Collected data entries
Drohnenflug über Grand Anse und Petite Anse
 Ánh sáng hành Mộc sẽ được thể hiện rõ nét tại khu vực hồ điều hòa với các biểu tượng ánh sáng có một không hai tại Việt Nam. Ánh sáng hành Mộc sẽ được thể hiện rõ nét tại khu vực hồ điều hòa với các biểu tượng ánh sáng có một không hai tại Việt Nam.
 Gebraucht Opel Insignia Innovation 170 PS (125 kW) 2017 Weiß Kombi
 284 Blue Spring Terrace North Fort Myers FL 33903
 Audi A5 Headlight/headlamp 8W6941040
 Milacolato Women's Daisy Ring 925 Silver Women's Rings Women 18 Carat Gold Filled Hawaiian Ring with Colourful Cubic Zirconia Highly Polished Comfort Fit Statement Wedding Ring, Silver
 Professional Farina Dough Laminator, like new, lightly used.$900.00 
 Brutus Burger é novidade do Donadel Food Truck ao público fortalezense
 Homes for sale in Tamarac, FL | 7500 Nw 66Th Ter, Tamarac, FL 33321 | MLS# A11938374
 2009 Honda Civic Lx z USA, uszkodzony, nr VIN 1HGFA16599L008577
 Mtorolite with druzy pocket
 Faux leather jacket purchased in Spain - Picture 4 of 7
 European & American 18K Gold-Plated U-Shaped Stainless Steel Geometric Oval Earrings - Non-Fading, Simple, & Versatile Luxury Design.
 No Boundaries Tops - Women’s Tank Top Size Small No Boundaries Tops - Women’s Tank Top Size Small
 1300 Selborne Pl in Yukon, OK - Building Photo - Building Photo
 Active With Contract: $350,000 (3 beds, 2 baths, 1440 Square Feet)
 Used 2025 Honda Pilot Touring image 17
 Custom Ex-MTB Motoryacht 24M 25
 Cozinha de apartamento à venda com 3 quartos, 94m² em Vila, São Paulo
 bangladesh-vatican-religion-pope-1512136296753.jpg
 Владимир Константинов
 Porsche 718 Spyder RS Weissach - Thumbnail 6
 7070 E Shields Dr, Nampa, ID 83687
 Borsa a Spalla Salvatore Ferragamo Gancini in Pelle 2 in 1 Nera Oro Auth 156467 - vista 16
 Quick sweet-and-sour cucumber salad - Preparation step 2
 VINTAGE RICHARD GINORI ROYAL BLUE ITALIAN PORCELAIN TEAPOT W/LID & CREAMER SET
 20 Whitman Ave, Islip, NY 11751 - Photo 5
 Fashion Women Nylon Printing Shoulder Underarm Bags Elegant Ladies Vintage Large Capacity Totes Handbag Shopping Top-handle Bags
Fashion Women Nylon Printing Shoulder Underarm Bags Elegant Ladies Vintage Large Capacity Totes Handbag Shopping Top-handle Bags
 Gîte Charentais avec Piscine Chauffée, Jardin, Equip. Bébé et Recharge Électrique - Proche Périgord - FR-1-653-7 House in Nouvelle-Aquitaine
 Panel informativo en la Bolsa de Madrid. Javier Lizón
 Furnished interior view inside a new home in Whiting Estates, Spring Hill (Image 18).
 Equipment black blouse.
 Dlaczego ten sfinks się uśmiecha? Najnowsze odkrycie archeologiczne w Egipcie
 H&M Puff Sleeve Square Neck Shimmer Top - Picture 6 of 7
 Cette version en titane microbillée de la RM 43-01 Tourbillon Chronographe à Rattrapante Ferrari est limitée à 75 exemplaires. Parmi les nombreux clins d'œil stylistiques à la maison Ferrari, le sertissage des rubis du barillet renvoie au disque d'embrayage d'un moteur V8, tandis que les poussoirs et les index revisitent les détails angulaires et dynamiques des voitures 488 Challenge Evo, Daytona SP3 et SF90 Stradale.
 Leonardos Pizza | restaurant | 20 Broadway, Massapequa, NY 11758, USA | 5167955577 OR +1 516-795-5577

What you are asked to do:
Find "Panel informativo en" in the records above. Repeat its line and every later line exactly, through the last one.

Result of the exercise:
 Panel informativo en la Bolsa de Madrid. Javier Lizón
 Furnished interior view inside a new home in Whiting Estates, Spring Hill (Image 18).
 Equipment black blouse.
 Dlaczego ten sfinks się uśmiecha? Najnowsze odkrycie archeologiczne w Egipcie
 H&M Puff Sleeve Square Neck Shimmer Top - Picture 6 of 7
 Cette version en titane microbillée de la RM 43-01 Tourbillon Chronographe à Rattrapante Ferrari est limitée à 75 exemplaires. Parmi les nombreux clins d'œil stylistiques à la maison Ferrari, le sertissage des rubis du barillet renvoie au disque d'embrayage d'un moteur V8, tandis que les poussoirs et les index revisitent les détails angulaires et dynamiques des voitures 488 Challenge Evo, Daytona SP3 et SF90 Stradale.
 Leonardos Pizza | restaurant | 20 Broadway, Massapequa, NY 11758, USA | 5167955577 OR +1 516-795-5577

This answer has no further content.